Brief descriptive captions

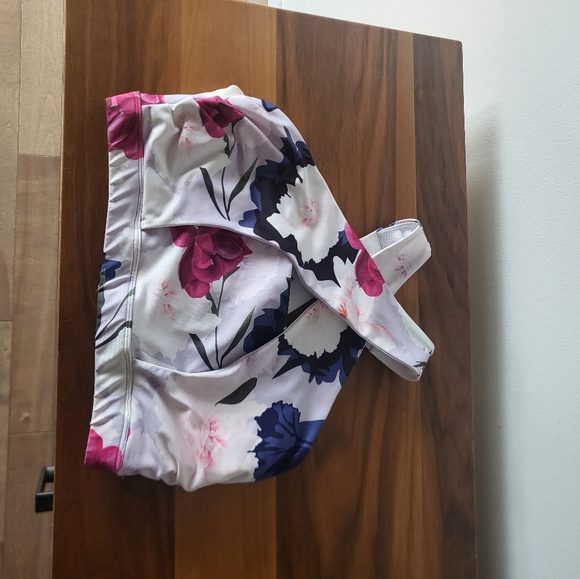 Sports top - Picture 3 of 4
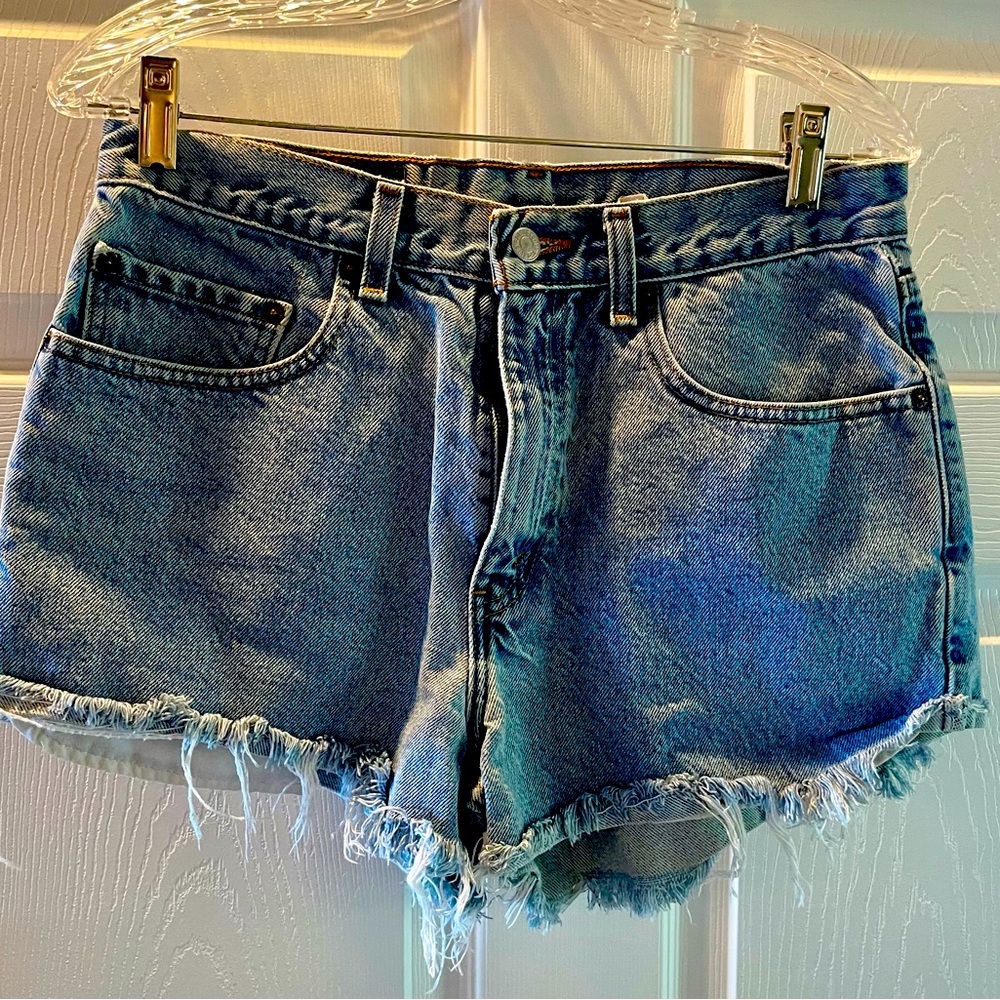 Levi cutoff Jean shorts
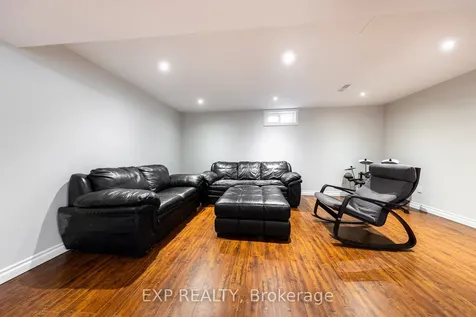 584 Elliott Crescent Milton ON L9T 3G4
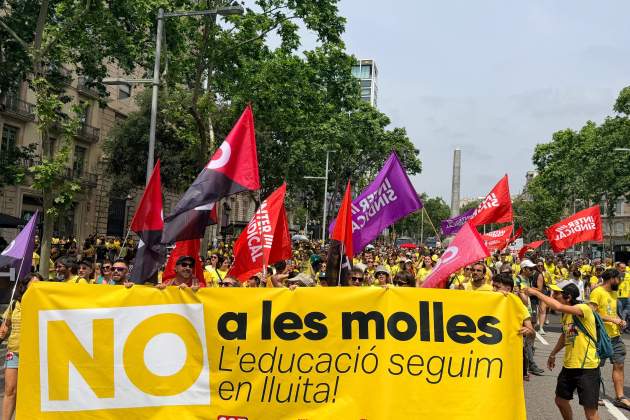 manifestació educació docents barcelona acn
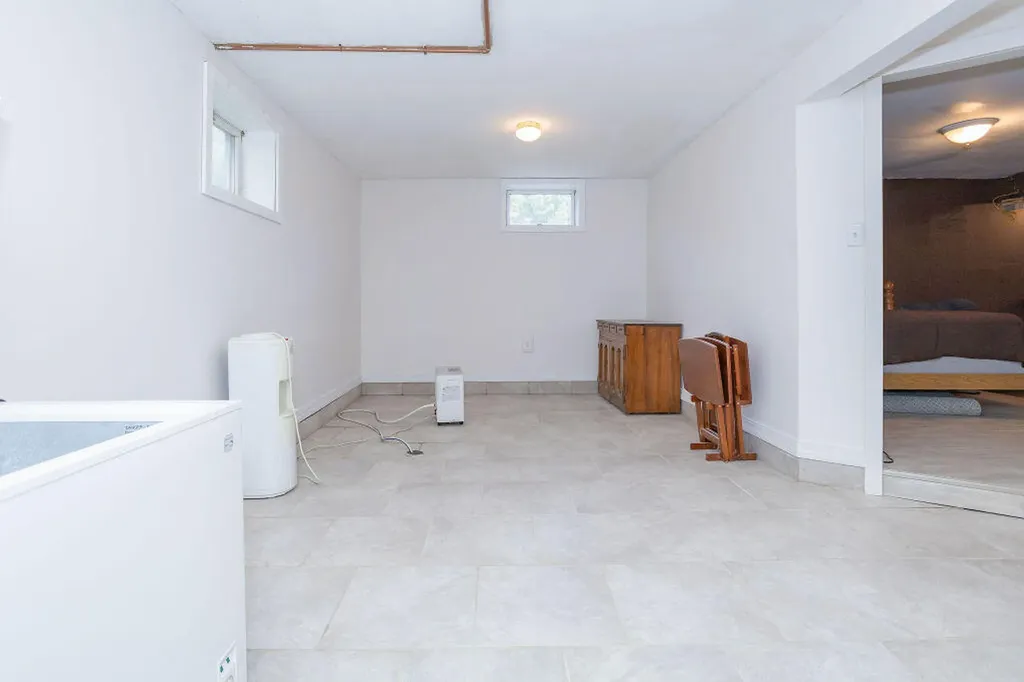 751 Holley Road Farmington ME 04938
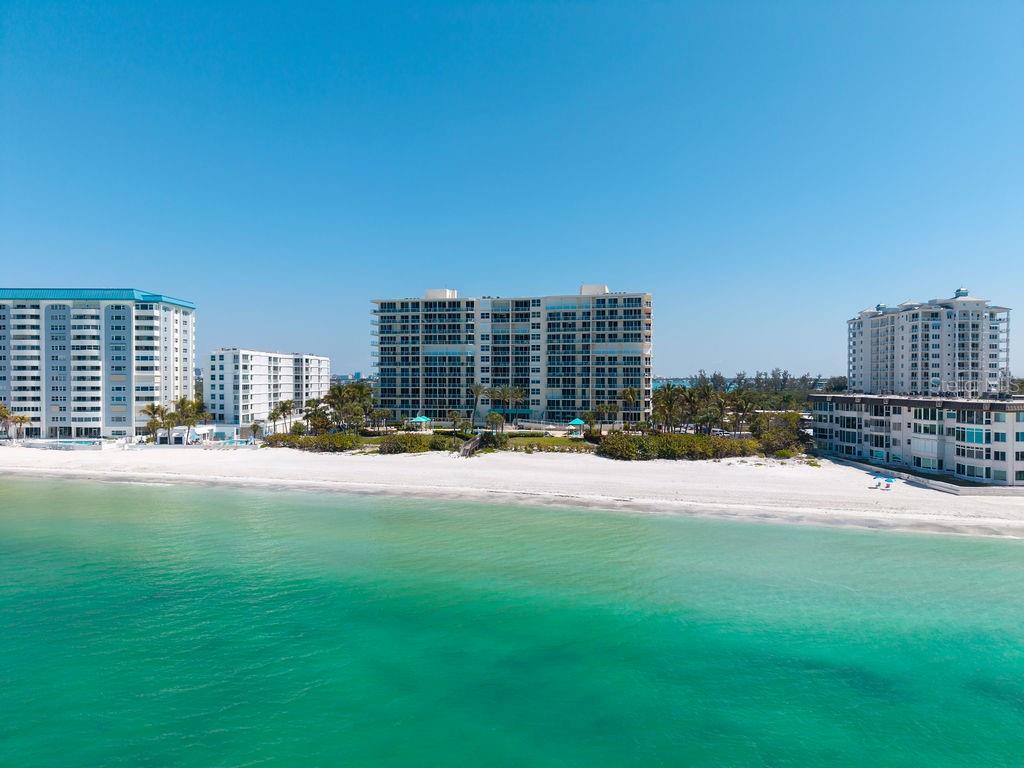 Image 35 of 66 For 1800 Benjamin Franklin Drive B1006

WORK REQUIRED
Return only the lines that start at the line containing "manifestació educació docents barcelona acn" and finish at the last line of the entries, exactly as written and without pictures.

RESPONSE FOR THIS EXERCISE
 manifestació educació docents barcelona acn
 751 Holley Road Farmington ME 04938
 Image 35 of 66 For 1800 Benjamin Franklin Drive B1006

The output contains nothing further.